[IxDA Discuss] A question about Personas
Todd Zaki Warfel
lists at toddwarfel.com
Tue Aug 21 11:29:47 PDT 2007
Uh, what?
On Aug 21, 2007, at 2:05 PM, Douglas Brashear wrote:
> Well, why create and maintain documents merely recording the
> information that could be obtained, at strategic points, “straight
> from the horse’s mouth”? Perhaps heavily documented process is what
> you have to do based on your clients (we’ve all been there). Just
> seems like a waste.
Who says they're heavily documented? Did you look at the slides from
my Data-driven Design Research presentation? If you did, you'd see
they're a one pager each. Hardly what I would consider heavily
documented.
We're not ones for doing documentation just for documentation
purposes. In fact, the company name Messagefirst comes from "message
first - method second." Our underlying philosophy is that the message
or goal drives the method we choose. We don't do process for process
sake. We don't do documentation for documentation sake. We pick
what's most appropriate and do that based on needs and resources.
> Unless, of course, those documents are taken further, eventually
> becoming detached from the users because not *every* piece of
> information they contain comes directly from not just one user, but
> a significant sampling of the target audience the persona
> represents. In that case, we get back to my initial comment about
> personas.
Detached how? You keep saying detached, but how are they becoming
detached? If they're becoming detached, not evolving, not growing,
not maturing, then you're doing them wrong. Perhaps you've only
encountered incorrect personas.
> I find that a less contrived representation of target audience
> intelligence works well for my clients. I say “less contrived”
> because of the inappropriate expectations that personas sometimes
> cause for those not used to working with them. After meeting user
> group representatives I first categorize by audience type or role,
> next by the most appropriate subcategorization and so on until all
> major segments of the audience in question have been identified.
Do you mean contrived as designed, or artificially formal? If
designed, are you saying that a less designed model works better for
your clients? If artificially formal, I hardly see personae as being
artificially formal, but again, that may be based on the model we
use. I'm not sure what kind of model you've encountered (you haven't
really shared that yet).
Because of what inappropriate expectations personas create?

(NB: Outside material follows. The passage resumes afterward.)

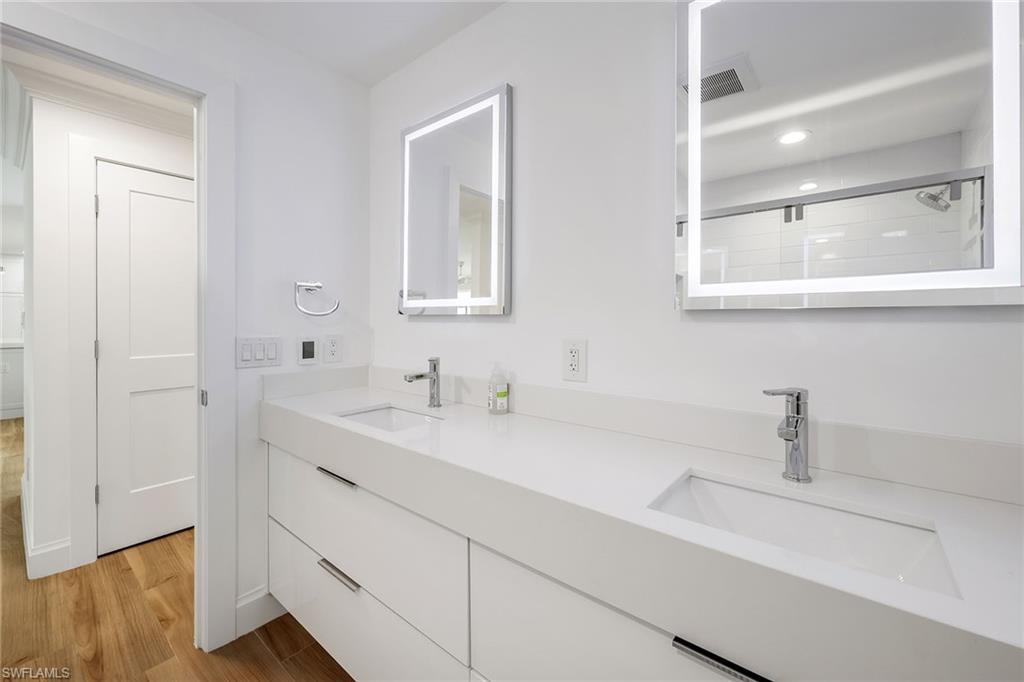 418 Germain Avenue Naples, FL 34108 - Photo 28 of 46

BTW, the process you're describing to segment is pretty common. While
it sounds rather exhaustive and lengthly based on your description,
in my experience, it's something that can be done in at most a couple
of hours with the right info and right people involved.
> I’m not sure how long your projects last, but I generally have 2 –
> 3 months[...]
That's pretty typical for us as well.
> When it all comes down to it, I’ve never seen a project that could
> have justified the additional time and expense (over the target
> audience analysis I already perform) for the personas I see coming
> from some agencies/consultants, and really question what additional
> value, if any, doing such would have yielded. YMMV.
And I've never encountered a project that couldn't (didn't) benefit
from them. The "additional time and expense" represents a huge ROI to
the client. Perhaps you should study personas a bit more to uncover
their true benefit. Try About Face, The User is Always Right for
starters.
I'd be interested to see an example of the target audience analysis
you use. Care to share? I'm sure there's something in there the
community could benefit from.
I'm curious how you address opinion wars during design. How you
prevent scope creep? How you handle suggestions from marketing,
business, and dev that might sound good, but aren't on target with
audience needs? How do you handle unified vs. segmented audiences?
How do you keep the 8-24 or more people working on the project on the
same page when design and dev gets distributed?
Can you get by without them? Sure, you can get by without wireframes
too, or a prototype, but I wouldn't ever do that.
> BTW, what’s the charge number for this thread?
Huh?
BTW, Doug, please trim your posts in the future.
Cheers!
Todd Zaki Warfel
President, Design Researcher
Messagefirst | Designing Information. Beautifully.